# llama-cpp-4
[](https://crates.io/crates/llama-cpp-4)
[](https://docs.rs/llama-cpp-4)
[](https://crates.io/crates/llama-cpp-4)
Safe Rust bindings to [llama.cpp](https://github.com/ggml-org/llama.cpp).
Tracks upstream closely — designed to stay current rather than provide a thick abstraction layer.

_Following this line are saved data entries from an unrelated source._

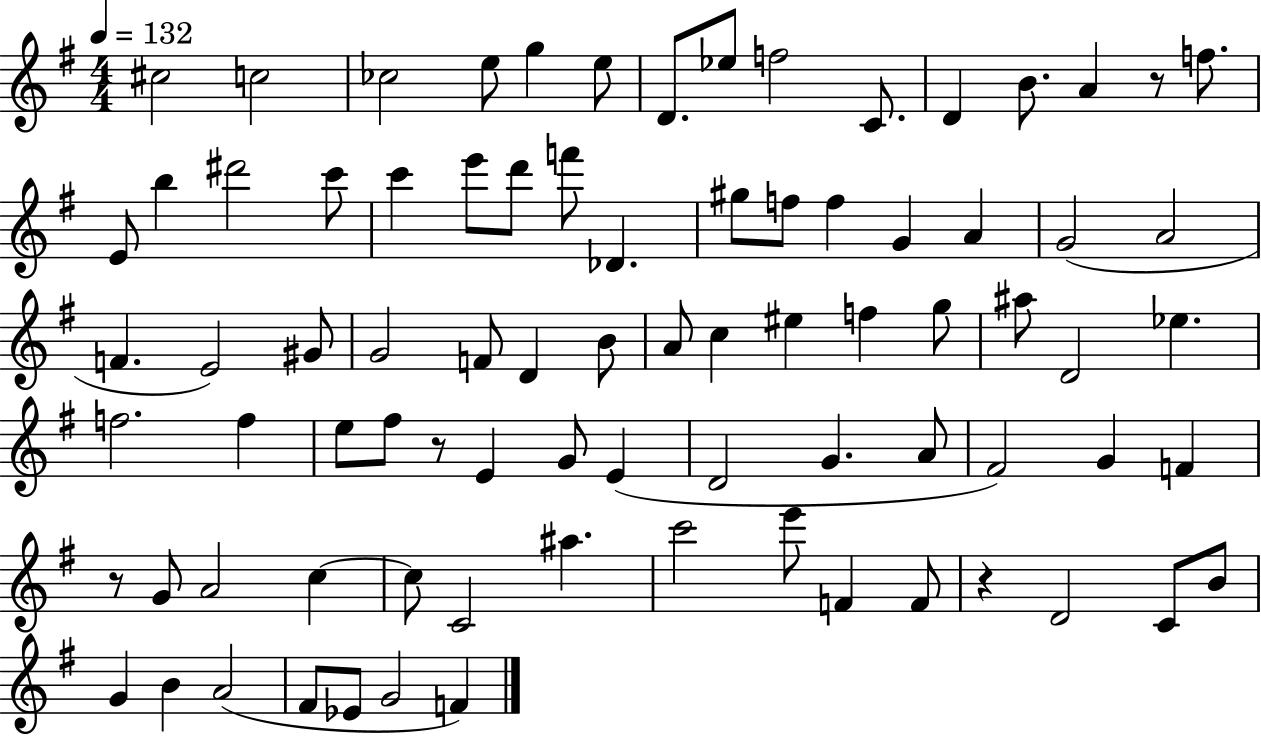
X:1
T:Untitled
M:4/4
L:1/4
K:G
^c2 c2 _c2 e/2 g e/2 D/2 _e/2 f2 C/2 D B/2 A z/2 f/2 E/2 b ^d'2 c'/2 c' e'/2 d'/2 f'/2 _D ^g/2 f/2 f G A G2 A2 F E2 ^G/2 G2 F/2 D B/2 A/2 c ^e f g/2 ^a/2 D2 _e f2 f e/2 ^f/2 z/2 E G/2 E D2 G A/2 ^F2 G F z/2 G/2 A2 c c/2 C2 ^a c'2 e'/2 F F/2 z D2 C/2 B/2 G B A2 ^F/2 _E/2 G2 F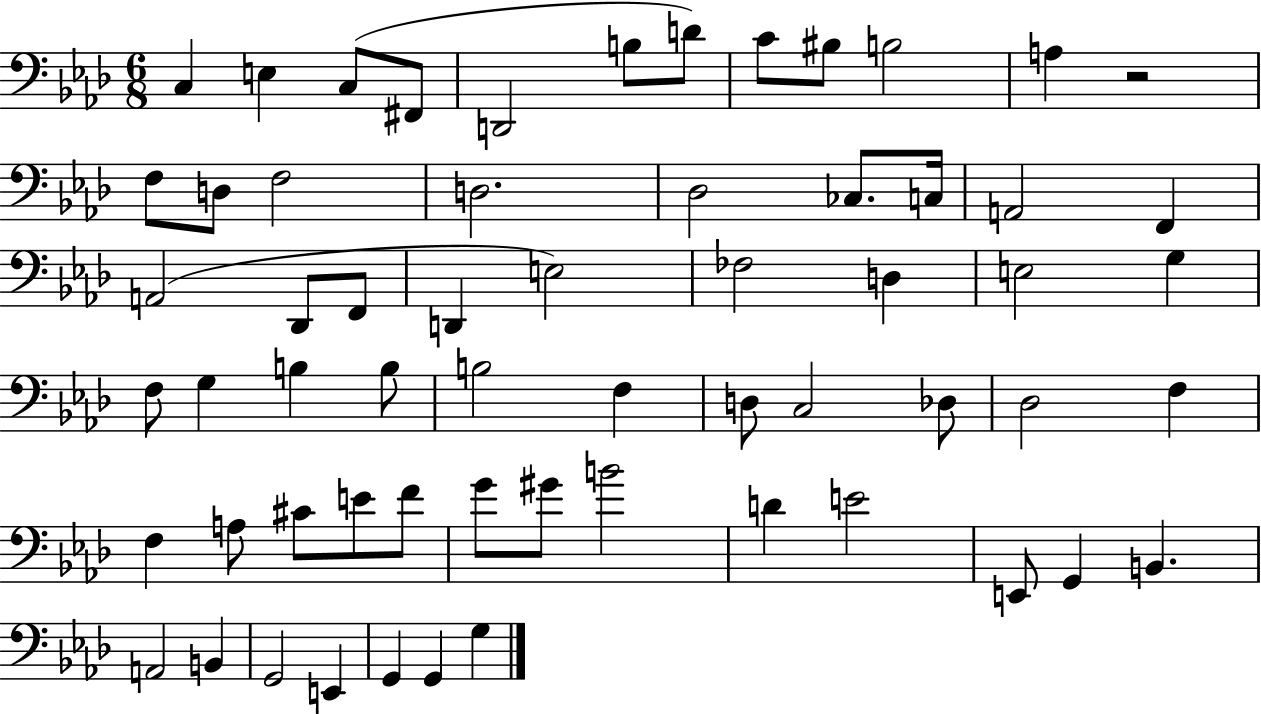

**llama.cpp version:** `4fc4ec5 (b9859)` · **Crate version:** 0.4.0
---
## Add to your project
```toml
[dependencies]
llama-cpp-4 = "0.4.0"
# GPU support (pick one or more)
# llama-cpp-4 = { version = "0.4.0", features = ["cuda"] }
# llama-cpp-4 = { version = "0.4.0", features = ["metal"] }
# llama-cpp-4 = { version = "0.4.0", features = ["vulkan"] }
```
---
## Prelude
Import the common inference types in one line:
```rust
use llama_cpp_4::prelude::*;
```
The prelude re-exports backend, model, context, batching, sampling, errors, fit/memory
helpers, speculative-decoding types, and quantization symbols. The same core types are
also at the crate root (`llama_cpp_4::LlamaModel`, etc.) if you prefer explicit paths.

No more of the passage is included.